And one for the road – a final rant on the subject of Brexit. Last of the year, I promise. ‘We’re all Brexiteers now.’ In the Cabinet, and across much of the Tory party. It’s a brave Tory who stands out. There’s been a coup, but coups don’t just happen. This one has been building many a year, and an eminence behind it has been Daniel Hannan, blogger, writer, arguer, obsessive. Though it pains me to say it, he’s done a brilliant job. Given the fact that he read history at my college in Oxford some 25 years after me, I guess I should be proud of him. That’s not easy.
The Guardian’s Long View piece of Hannan back in September makes fascinating reading. His case against the EU was ‘an upbeat argument of direct democracy and free-market capitalism’. He showed in conversation ‘no anxiety at all about the manner of Britain’s decision to leave the EU, or the scale of the diplomatic and economic challenges facing the country’. A current (Remain voting) Cabinet minister is quoted as observing that there’s no guarantee the agitation will now stop. ‘None of these people are builders, they are destroyers.’

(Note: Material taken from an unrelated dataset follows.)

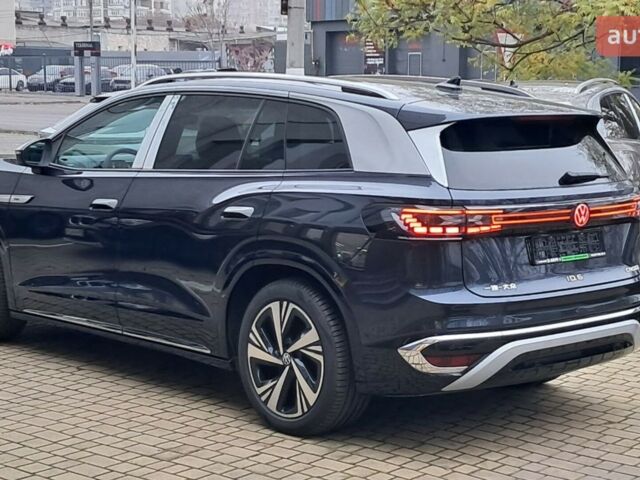 купить новое авто Фольксваген ID.6 Crozz 2024 года от официального дилера E-SKM Одеса Фольксваген фото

In an earlier post, back in the summer, I referred to a Hannan article in the Telegraph painting a picture (‘rosy’ wasn’t in it) of what Britain would be like in 2025 if only we voted Leave. It was a post-Imperial paradise. Destroyers too often are dreamers.
The Guardian puts the by comparison ruthless and contrarian UKIP view: ‘the narrow Hannanite case for Brexit – mostly about deregulation and sovereignty – was a sideshow to the main event: a chorus of economic and cultural discontent’.
Back in the summer we often heard the sovereignty argument, in the crude form of ‘take back control’, but it wasn’t because people longed for a deregulated, free-trading economy – rather, they’d been bought into another Hannan obsession, disparaging elites, scorning expertise.
Let the people speak, another obsession – but only if they’re on message. The role of the press in ensuring that they are, including the regular exposure the Telegraph has given to Hannan, continues to be unexamined.
And Hannan all the while remains blissfully unaware of how immigration ultimately won the day for his side. (To quote the Guardian, his book Why Vote Leave ‘contains (but) a single sentence on immigration’.) Of course he doesn’t – he’s well aware. But such has been his obsession, all arguments, however unpalatable, were means to an end – and now he’s achieved that end, and a bizarre bunch of outsiders are now insiders.
Every day the chaos unfolds. We want free trade – but without a customs union. We will trade under WTO rules, but short of negotiating tariffs across the board, a task for a decade, and a recipe for many a disaster, we will have to accept arrangements as they stand. EU tariffs, EU quotas. Supply chains are international these days, manufacturers import and export components all over the world, as well as finished items. Motor manufacturers buy on a just-in-time basis, and for them tariffs and the delays they cause could be disastrous. A ‘ bonfire of regulations’ would mean exclusion from many areas of trade which require such regulations, on an EU and worldwide basis: there can be no such bonfire.
Absurdities pile on absurdities.
Back to Hannan, and a UKIP view: ‘So locked up in his own world that he can’t see what’s on the end of his well-formed aquiline nose.’ A little unfriendly, but probably spot on.
He muses on ‘the natural intelligence and fair-mindedness if the British people’. He grew up in Peru, and if there is such a thing as an old-school expat mentality, then Hannan has it. In Roger Scruton’s words, ‘the expat mentality is belonging to the old country, and the inability to accept that it is changed beyond repair.’
The Guardian article is the best explanation I’ve yet encountered of how a subversive element can insinuate and propagandise, and use leverage within parliament and press to stage what is more or less a coup, seizing a moment – and finding itself despite all the flummery to the contrary caught in the headlights.